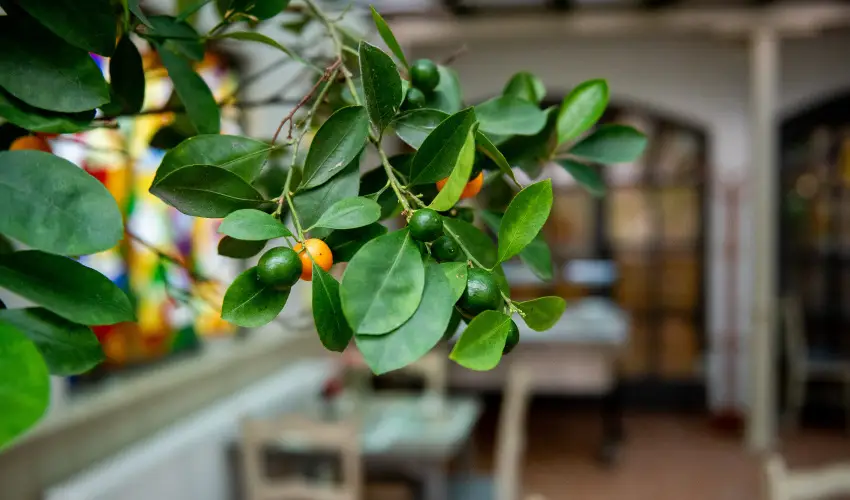 Nyerges Hotel Terml Monor - Oktber 23.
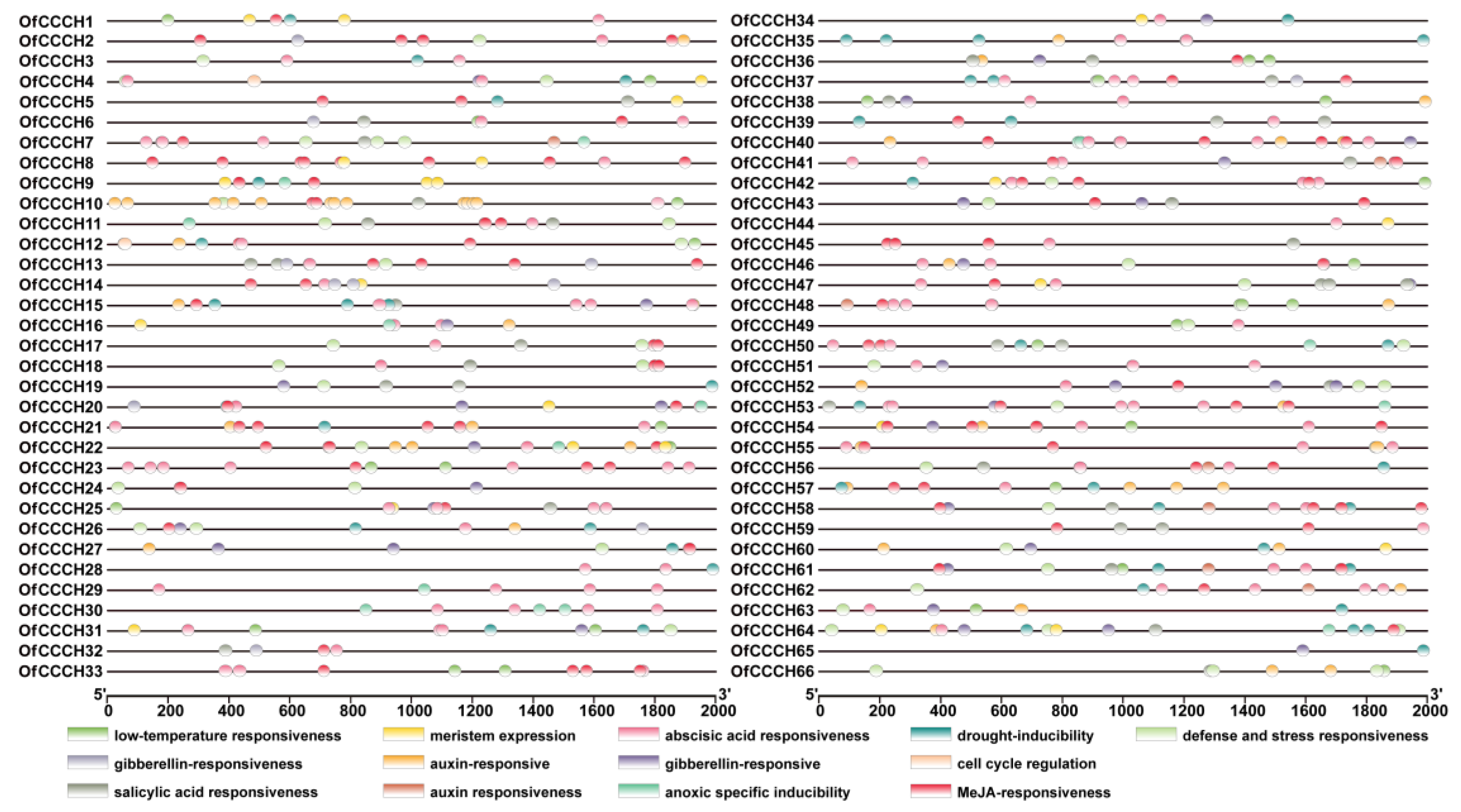 Ijms 23 15363 g006 Ijms 23 15363 g006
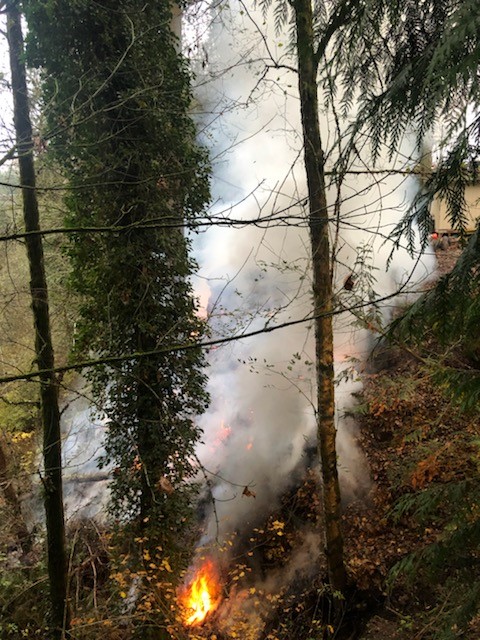 A firefighter providing rescue service for a fire in the woods with smoke coming out of it.
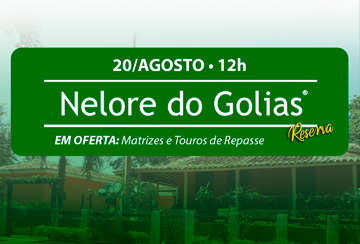 LEILÃO NELORE DO GOLIAS - RESERVA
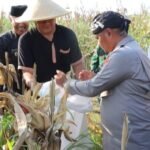 Lahan 2 Hektar Hasilkan 12&hellip;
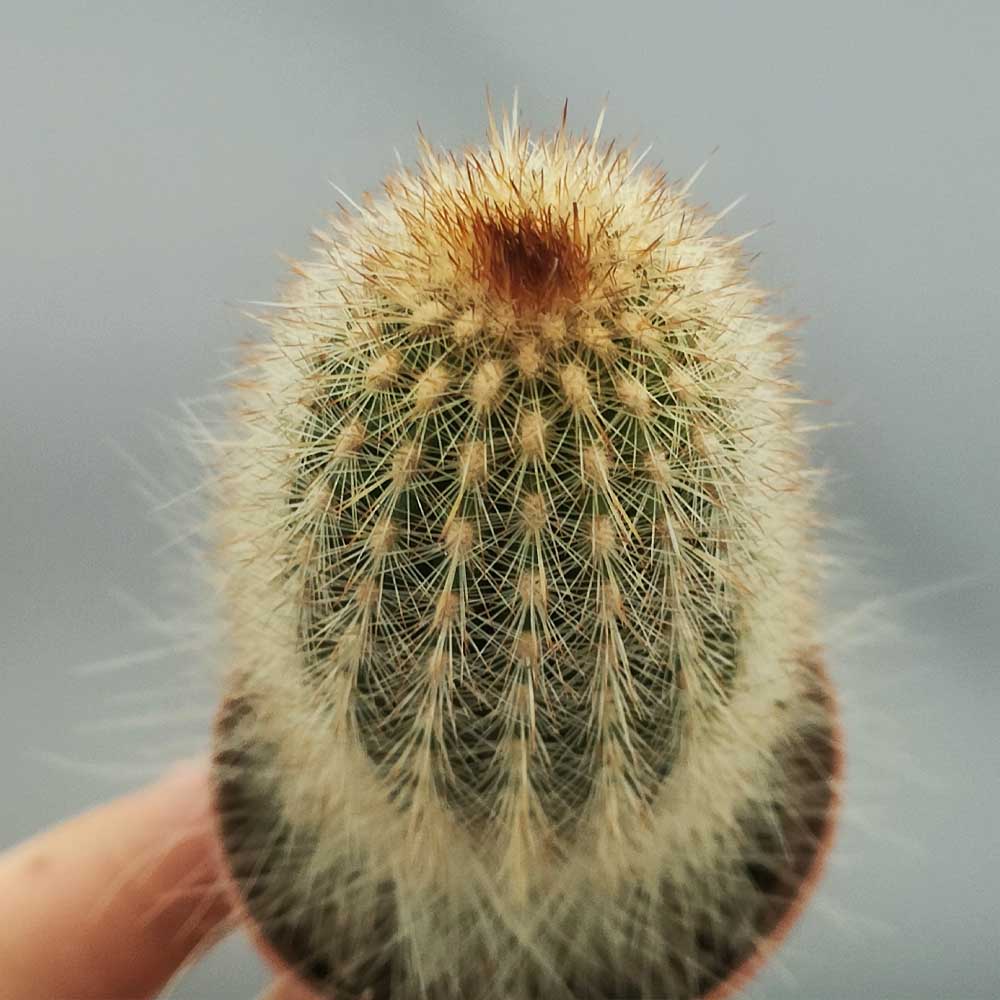 espostoa mirabilis cactus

────────────────────────────────────────

### Task
I would like you to set down the lines above, from the one containing "Lahan 2 Hektar Hasilkan 12&hellip;" to the final line, exactly as written and without pictures.

### Task result
 Lahan 2 Hektar Hasilkan 12&hellip;
 espostoa mirabilis cactus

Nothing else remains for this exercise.